Since neither scientists nor artists nor priests know what life really is, we must come to the conclusion that the answer to anything is elusive. If our life philosophy is all about "figuring out" the answers to the questions in our head, we might have a pretty tough time on earth.

This is the kind of destructive worldview that has led to the suffocation of many minds - the search for hard answers and definite paths and concrete results and immovable surety.

A softer philosophy is needed.

A softer philosophy - giving up on finding answers, focusing on growing only in understanding, ignoring conventions, digging deeper rather than spreading wider, finding joy in collecting mistakes, wasting time, getting off the moral high ground, choosing your friends and not feeling guilty about that, working on your own timeline, always investigating your curiosities, going your own way despite the nonsensical trappings of this world, etc.

More importantly, a unique and individual philosophy is needed. The world throws philosophies at us every day - believe this or else - but I want to take only what I like and what works for me and make up my own.

We're not here to crack any mysteries. We're here to roll around in life and experience its peaks and troughs and make discoveries and pick up things and poke at things and create things that express our ignorance and awe at all this mystery and beauty.

At least that's my philosophy. What's yours?


Cormac McCarthy:

“The truth about the world, he said, is that anything is possible. Had you not seen it all from birth and thereby bled it of its strangeness it would appear to you for what it is, a hat trick in a medicine show, a fevered dream, a trance bepopulate with chimeras having neither analogue nor precedent, an itinerant carnival, a migratory tentshow whose ultimate destination after many a pitch in many a mudded field is unspeakable and calamitous beyond reckoning.

The universe is no narrow thing and the order within it is not constrained by any latitude in its conception to repeat what exists in one part in any other part. Even in this world more things exist without our knowledge than with it and the order in creation which you see is that which you have put there, like a string in a maze, so that you shall not lose your way. For existence has its own order and that no man’s mind can compass, that mind itself being but a fact among others.”

― from “Blood Meridian, or, the Evening Redness in the West”

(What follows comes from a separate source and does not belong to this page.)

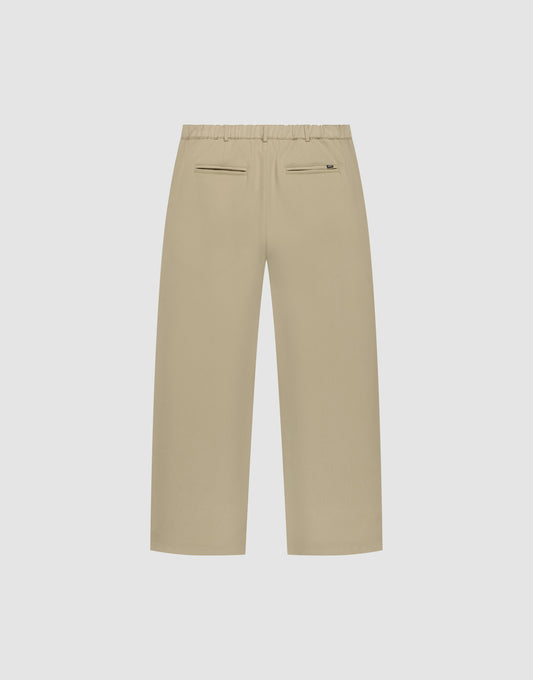 LIVE FAST DIE YOUNG Wide Casual Pants in Beige, Wide Fit, elastischer Bund, zwei seitliche Taschen, zwei Paspel-Rückentaschen und kleiner Reißverschluss an der rechten Tasche – flach auf hellem Hintergrund präsentiert.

Liberation. I know we all hear that call in our bones. But to liberate from what? To prison-break from where? And after we have made our escape, what is out there waiting for us?


Photography as a result of life. This frames photography as a natural act, like breathing. You have a camera and you take photos. Are they meaningful? That's not for you to say. Is there a narrative? The more you try to force a narrative, the uglier things become. Instead, breathe. And in the midst of living, take a photo. Now that the struggle is off, photography becomes an act of refreshment rather than... an ego-war, or whatever it might be otherwise.


What have I been doing with my days? Babysitting my nieces and nephews. Visiting my mum. Reading six books at once. Trying to write. Shot my first fashion editorial (I wasn't planning on taking on any jobs this year but I did have a rule that said if anything came up that was super interesting I would do it, and I have never done a fashion editorial before, so I said yes to the request). Gossiped with my friends. Cooked. Quarrelled with my cat. Exercised. Went on long walks. Stay home a lot. Brought a friend from overseas to Tiong Bahru. Fell sick.


I quite like Phoebe Philo's philosophy.


Goal for this week: Go out and take photos.